A carved and gilded stag hound, represented panting in the chase, and carved work around the hawse-holes and on the ends of her cat-heads, comprise her ornamental work about the bow. She has neither head boards nor trail boards, and may be said to be naked forward, yet this very nakedness, like that of a sculptured Venus, true to nature, constitutes the crowning element of her symmetry forward. As she is five feet higher forward than aft, she sits upon the water ready for a spring ahead. Broadside on, her great length, the smoothness of her outline, and the buoyancy of her sheer, combined with the regularity of her planking, and the neatness of her mouldings, impress upon the eye a form as perfect as if it had been cast in a mould.

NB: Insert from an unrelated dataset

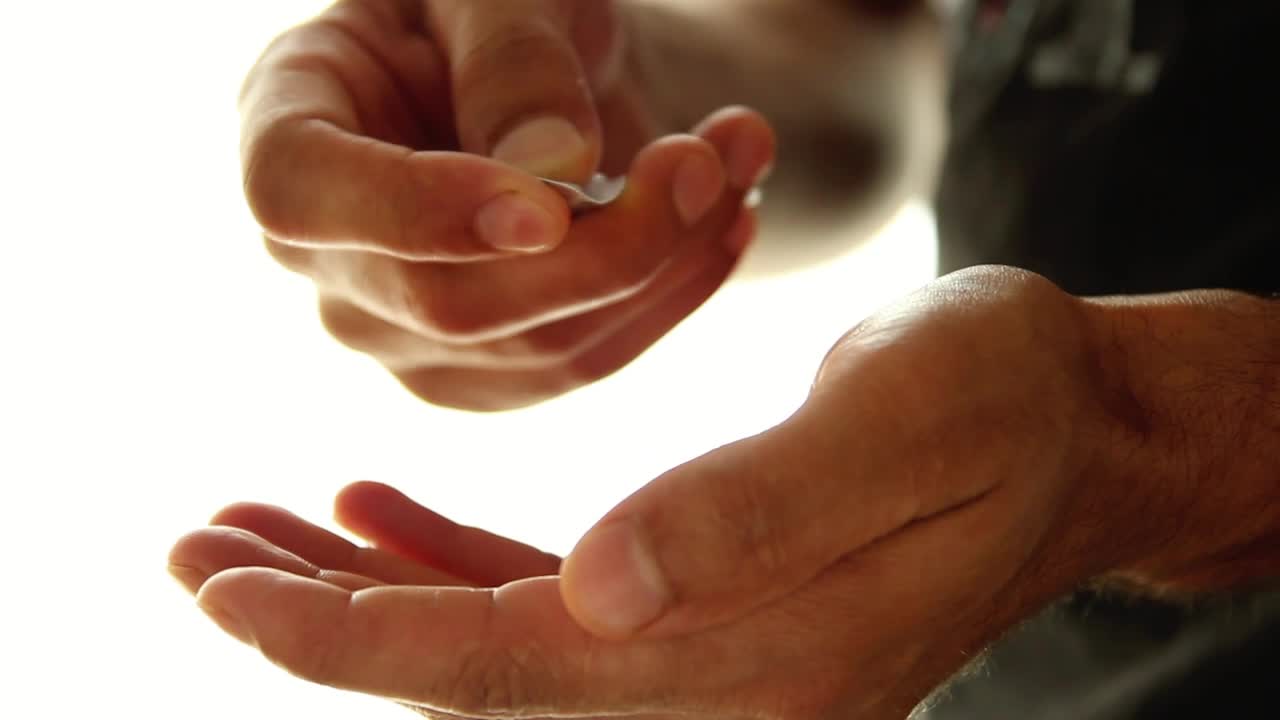 Download Stock Video Hands Of A Man Taking Pills From A Packaging Animated Wallpaper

She is planked flush to the planksheer, and its moulding is carried from the extreme of the head round her stern. He stern is elliptical, finely formed, and very light. The eye directed along her rail from the quarter to the bow, would perceive that her outline at the extreme is as perfect as the spring of a steel bow. The planking along the upper part of the run is carried up to the line of the planksheer and there terminates, and this is done too without any irregularity in the width. Below, the planking from the opposite sides meets, and the butts form a series of plain angles down to the stern post. Her run is rounded, not concave like that of most ships, and at the load displacement line, is apparently the counterpart of the bow, for her greatest breadth of beam is about amidships. An idea of the smallness of her stern may be formed from the fact, that at 8 feet from the midships of the taffrail, over all, she is only 24 1/2 feet wide. the stern projects about 7 feet beyond the sternpost. A stag, her name and other devices, neatly executed, ornament her stern. Mr. Gleason, a young artist of much promise, made her carved work.

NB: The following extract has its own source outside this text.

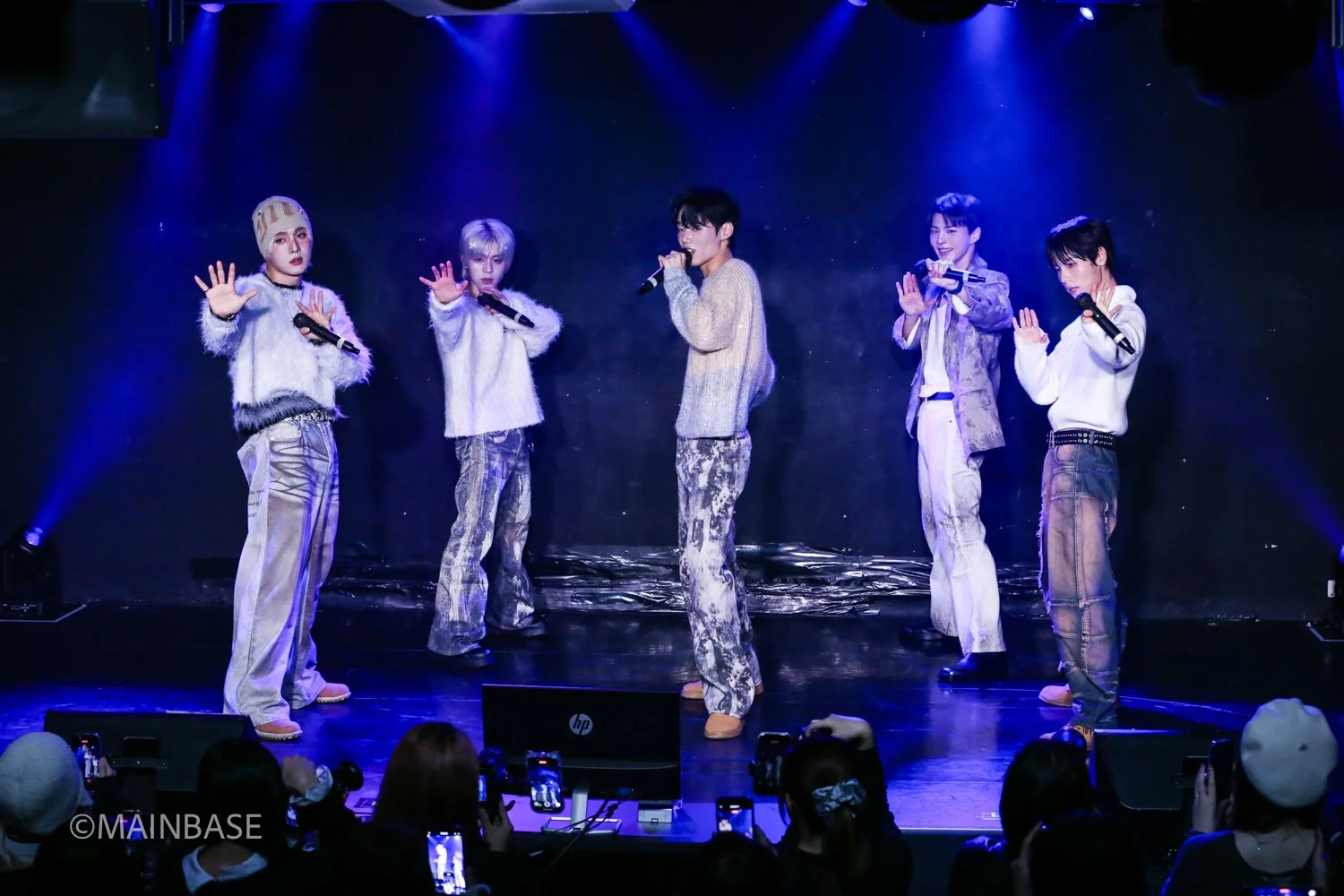 青い照明が当たるステージで、5人組の男性アイドルグループがマイクを持ちパフォーマンスを披露しています。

Her keel is of rock maple and oak, in two depths, which, combined with the shoe moulds 46 inches, and sides 16. The scarphs of the keel are from 8 to 10 feet in length and are sheathed ---- with copper and the parts of the keel are also bolted together with the same kind of metal. Her top-timbers are of hackmatack, but the rest of her frame and balwark stanchions are of white oak. The floor timbers on the keel are sided from 10 to 12 inches, and are moulded from 14 to 16, and are alternately bolted with inch and a quarter copper through the keel. She has three depths of midship keelsons, which combined, mould 42 and side 15 inches. The second keelson is bolted with iron through every navel timber blunt into the keel, and the upper one is secured in the same style. She has sister keelsons 14 inches square, bolted diagonally thorough the navel timbers into the keel, and horizontally through the lower midship keelson, and each other. Her hold stanchions are 10 inches square, and are kneed to the beams above and to the keelson below, so that their lower arms form almost a rider along the top of the keelson. Including their depth and the moulding of the floor timbers, she is over 9 feet through the back bone.

The ceiling on her floor is 4 1/2 inches thick, square bolted, not tacked on with spikes and all the ceiling from the bilge to the deck in the hold is 7 inches thick, scarped and square fastened. She has also a stringer of 12 by 15 inches, upon which the ends of the hanging knees rest, and are fayed. The knees connected with the beams of both decks, are of hackmatack. The hanging knees in the hold are sided from 10 to 11 inches, are moulded from 2 feet to 26 inches in the throats, and have 16 bolts and 4 spikes in each. In the between decks the knees have 18 bolts and 4 spikes in them, are ended about 10 inches, and moulded in the angles from 20 to 22 inches. the hold beams average about 16 by 17 inches, and those in the between decks 10 by 16, and are of hard pine. She has a pair of pointers 30 ---- feet long in each end, 3 breast-hooks and 3 after-hooks, all of oak and closely bolted. Her hold is caulked and payed from the timber boards to the deck.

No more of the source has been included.